Kim Kardashian urges California to reconsider Menendez brothers' life sentences
Law school graduate and criminal justice lawyer Kim Kardashian is calling on California authorities to reconsider the life sentences handed down to Eric and Lyle Menendez, two brothers convicted of murdering their parents seven years ago in 1996.
“They are kind, intelligent and honest men,” Kardashian wrote in a personal essay submitted to NBC. The reality star and Schemes founder said the brothers' actions were “inexcusable” but questioned their life sentences without the possibility of parole.
“We shouldn't deny who they are today in their 50s,” Kardashian wrote in her essay. “Physically and psychologically, time changes us, and I doubt anyone would claim to be the same person at 18. I know I'm not!
Kardashian's appeal comes amid renewed interest in the Menendez case. Netflix recently began streaming a true-crime drama from Ryan Murphy titled Monsters: The Lyle and Eric Menendez Story. The streamer is also releasing its own documentary on the subject next week.
“The police should have responded and we would have been arrested,” Eric said in the documentary, according to People magazine. “We had no alibi. We had the remainder of the gunpowder in our hands. Under normal circumstances, they test you for gunpowder residue and we would have been arrested immediately.”
The brothers maintain that they killed their parents in self-defense after enduring a lifetime of physical, emotional and sexual abuse. Attorneys for the men argue that under today's sexual assault burden, they would not be convicted of first-degree murder.
Prosecutors in Los Angeles announced Friday that they are reviewing new evidence in the case.
The Los Angeles County District Attorney, George Gascon, said during a news conference that the guilt of Eric Menendez, 53, and his 56-year-old brother, Lyle Menendez, is not in question and that his office is reviewing a case.
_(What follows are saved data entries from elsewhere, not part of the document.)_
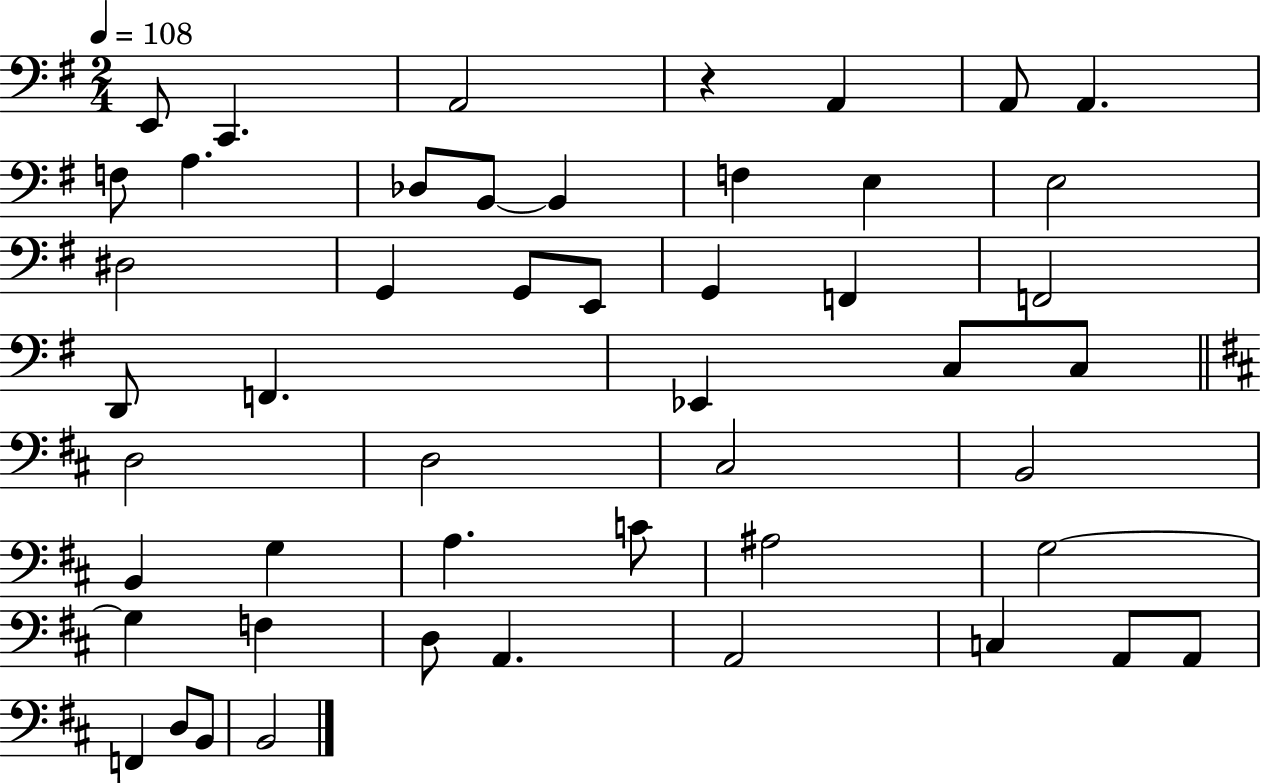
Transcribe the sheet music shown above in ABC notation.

X:1
T:Untitled
M:2/4
L:1/4
K:G
E,,/2 C,, A,,2 z A,, A,,/2 A,, F,/2 A, _D,/2 B,,/2 B,, F, E, E,2 ^D,2 G,, G,,/2 E,,/2 G,, F,, F,,2 D,,/2 F,, _E,, C,/2 C,/2 D,2 D,2 ^C,2 B,,2 B,, G, A, C/2 ^A,2 G,2 G, F, D,/2 A,, A,,2 C, A,,/2 A,,/2 F,, D,/2 B,,/2 B,,2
Disturbing view.
Gascon said the new evidence includes a letter written by Eric Menendez that his attorneys say supports allegations he was sexually abused by his father.
The brothers' attorney, Mark Geragos, said the family always believed they should have been charged with manslaughter instead of murder. But after the jury trial – the brothers were tried separately – ended in a deadlock, jurors in the third trial were not given the option of murder.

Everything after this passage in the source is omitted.